A week of hearing JD scream til his throat was raw. Of watching him vomit blood and bile. Of changing him when he lost contol of his bodily functions. I've had better weeks. So has Nathan. And we were both veterans of a long and bloody war.

For a while, it seemed like everything was gonna be ok. JD was spending a lot of time out at Casey's. Or so we thought. Until I rode out there one day looking for him and a bewildered, angry young girl looked at me with a world of pain in her eyes and told me she hadn't seen him in weeks.

I knew, then. Knew he'd gone back to it. It was only a matter of time before the others knew it, too. Now it was just a question of whether I would tell them or let them find out on their own.

As it turned out, I didn't need to tell anyone. It's a damn good thing Vin survived or Chris might have killed the kid on the spot. And Chris don't need no more pain or guilt to live with.

Why, JD? I know you respect Vin. Like Vin. Hell, you like all of us. Love all of us. So how could you take the stuff, knowing it messes you all up? Puts you in a fog so bad that you can't watch your friends' backs? I don't understand. I hope to God I never do. I don't want to understand it anymore. I just want it to stop.
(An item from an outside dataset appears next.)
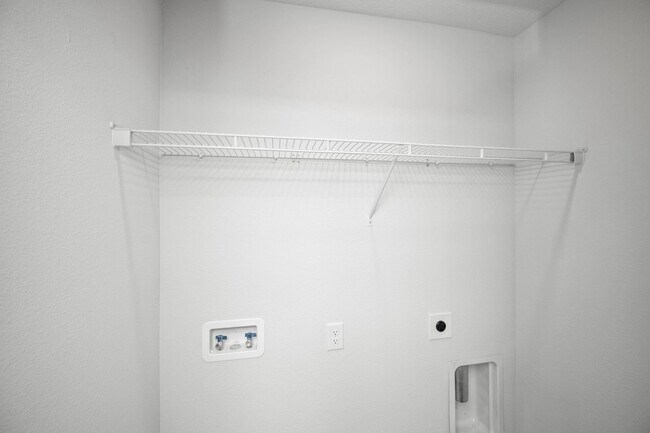 Building Photo - 4246 Lost Bay Dr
The others have given up hope. Chris lets you stay in town, as long as I can keep you out of trouble. But I don't know how much longer I can do this. You've already lost everything that used to be so important to you. Friendship. Honor. Respect. Your place with the seven. Your job as sheriff. Casey. Your dreams of becoming a Texas Ranger. Everything.

And me? I've lost you.

I look ahead and all I can see is an endless road to nowhere. A lifetime of selling yourself, body and soul. A lifetime of constant betrayal. Of disappointment each time you promise to give it up. And then fail to keep that promise.

Can I live with myself, knowing I let you walk down that road alone? Can I live with you? With only the memory of the kid I used to know?

I don't know. I don't know anything anymore. I just know I'm tired. Of life. Of this. Of you. Just tired.